- Work required: Retype the whole listing verbatim and keep the pictures out of it.

-------- Raw data

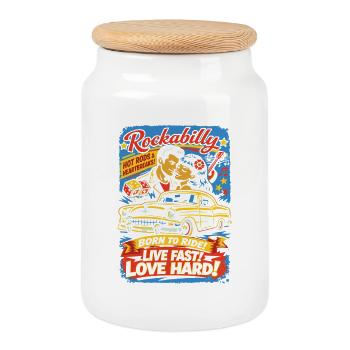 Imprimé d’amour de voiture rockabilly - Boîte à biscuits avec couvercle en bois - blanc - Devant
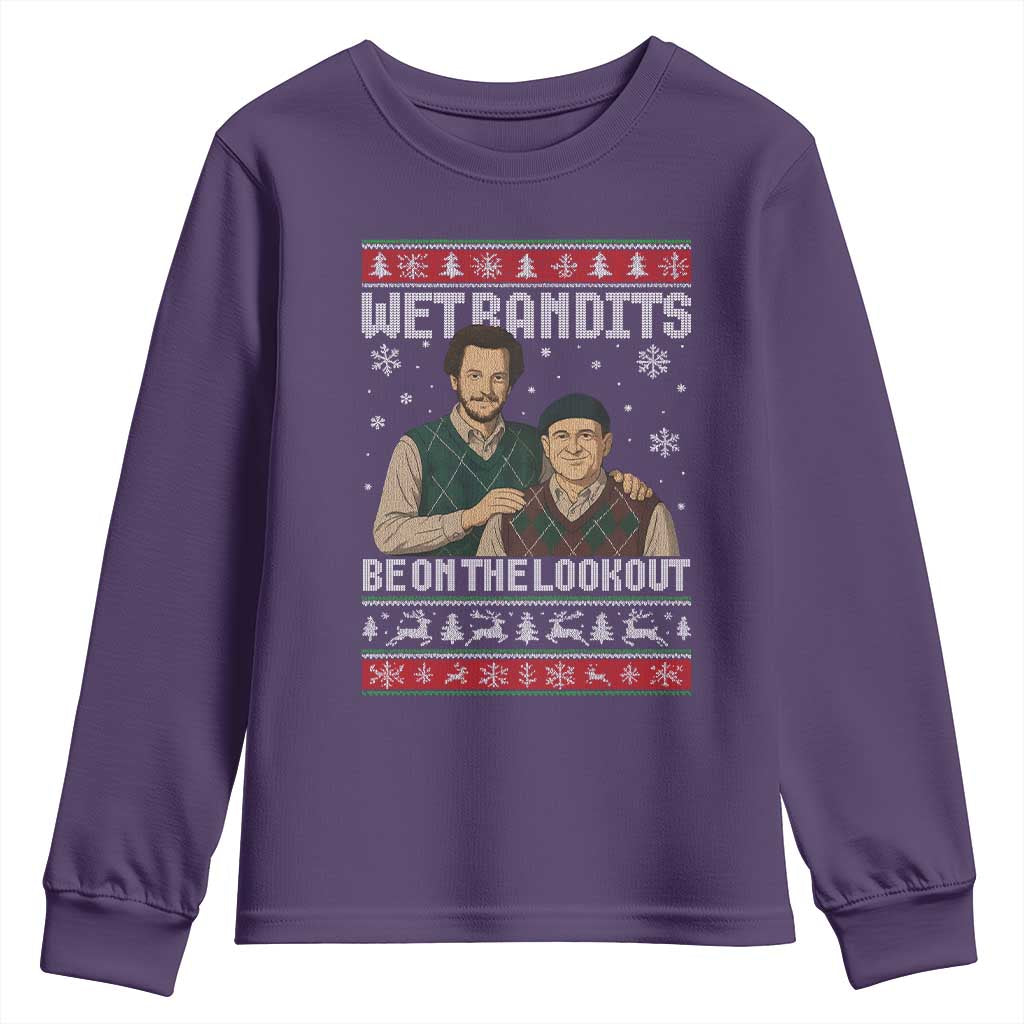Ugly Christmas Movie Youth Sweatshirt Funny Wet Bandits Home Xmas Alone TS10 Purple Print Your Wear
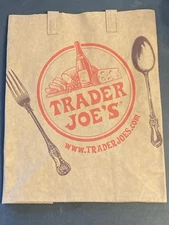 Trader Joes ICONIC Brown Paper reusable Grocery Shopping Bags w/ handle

----------------

- Finished exercise:
 Imprimé d’amour de voiture rockabilly - Boîte à biscuits avec couvercle en bois - blanc - Devant
Ugly Christmas Movie Youth Sweatshirt Funny Wet Bandits Home Xmas Alone TS10 Purple Print Your Wear
 Trader Joes ICONIC Brown Paper reusable Grocery Shopping Bags w/ handle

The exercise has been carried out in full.